↓↓↓

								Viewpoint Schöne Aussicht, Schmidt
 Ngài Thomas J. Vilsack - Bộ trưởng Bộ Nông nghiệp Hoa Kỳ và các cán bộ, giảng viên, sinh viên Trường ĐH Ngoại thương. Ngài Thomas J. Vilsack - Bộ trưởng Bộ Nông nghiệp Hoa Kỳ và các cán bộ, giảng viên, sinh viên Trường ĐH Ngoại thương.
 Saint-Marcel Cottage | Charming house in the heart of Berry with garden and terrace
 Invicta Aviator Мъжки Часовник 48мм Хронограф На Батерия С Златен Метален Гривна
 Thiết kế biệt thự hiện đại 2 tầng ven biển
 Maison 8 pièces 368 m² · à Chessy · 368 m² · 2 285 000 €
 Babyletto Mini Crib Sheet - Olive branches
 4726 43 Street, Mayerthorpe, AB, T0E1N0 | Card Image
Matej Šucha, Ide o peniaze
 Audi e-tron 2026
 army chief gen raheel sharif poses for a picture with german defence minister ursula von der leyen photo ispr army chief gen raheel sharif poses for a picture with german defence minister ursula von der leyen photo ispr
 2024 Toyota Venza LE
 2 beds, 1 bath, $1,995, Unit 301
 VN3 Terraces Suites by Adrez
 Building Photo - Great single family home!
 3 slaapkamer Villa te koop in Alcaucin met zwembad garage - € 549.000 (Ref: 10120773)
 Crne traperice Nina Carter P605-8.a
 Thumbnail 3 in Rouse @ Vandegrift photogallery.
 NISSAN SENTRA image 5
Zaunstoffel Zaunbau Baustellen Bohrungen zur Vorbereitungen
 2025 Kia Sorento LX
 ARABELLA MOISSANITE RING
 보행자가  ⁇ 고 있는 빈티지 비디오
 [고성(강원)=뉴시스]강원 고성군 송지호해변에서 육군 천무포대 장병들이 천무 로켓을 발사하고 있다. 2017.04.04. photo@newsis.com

↑↑↑

- [PROBLEM TO SOLVE]:
Copy out the listing above, line by line and exactly, from its first line to the line holding "Crne traperice Nina Carter P605-8.a", inclusive.

- [PROBLEM SOLUTION]:
								Viewpoint Schöne Aussicht, Schmidt
 Ngài Thomas J. Vilsack - Bộ trưởng Bộ Nông nghiệp Hoa Kỳ và các cán bộ, giảng viên, sinh viên Trường ĐH Ngoại thương. Ngài Thomas J. Vilsack - Bộ trưởng Bộ Nông nghiệp Hoa Kỳ và các cán bộ, giảng viên, sinh viên Trường ĐH Ngoại thương.
 Saint-Marcel Cottage | Charming house in the heart of Berry with garden and terrace
 Invicta Aviator Мъжки Часовник 48мм Хронограф На Батерия С Златен Метален Гривна
 Thiết kế biệt thự hiện đại 2 tầng ven biển
 Maison 8 pièces 368 m² · à Chessy · 368 m² · 2 285 000 €
 Babyletto Mini Crib Sheet - Olive branches
 4726 43 Street, Mayerthorpe, AB, T0E1N0 | Card Image
Matej Šucha, Ide o peniaze
 Audi e-tron 2026
 army chief gen raheel sharif poses for a picture with german defence minister ursula von der leyen photo ispr army chief gen raheel sharif poses for a picture with german defence minister ursula von der leyen photo ispr
 2024 Toyota Venza LE
 2 beds, 1 bath, $1,995, Unit 301
 VN3 Terraces Suites by Adrez
 Building Photo - Great single family home!
 3 slaapkamer Villa te koop in Alcaucin met zwembad garage - € 549.000 (Ref: 10120773)
 Crne traperice Nina Carter P605-8.a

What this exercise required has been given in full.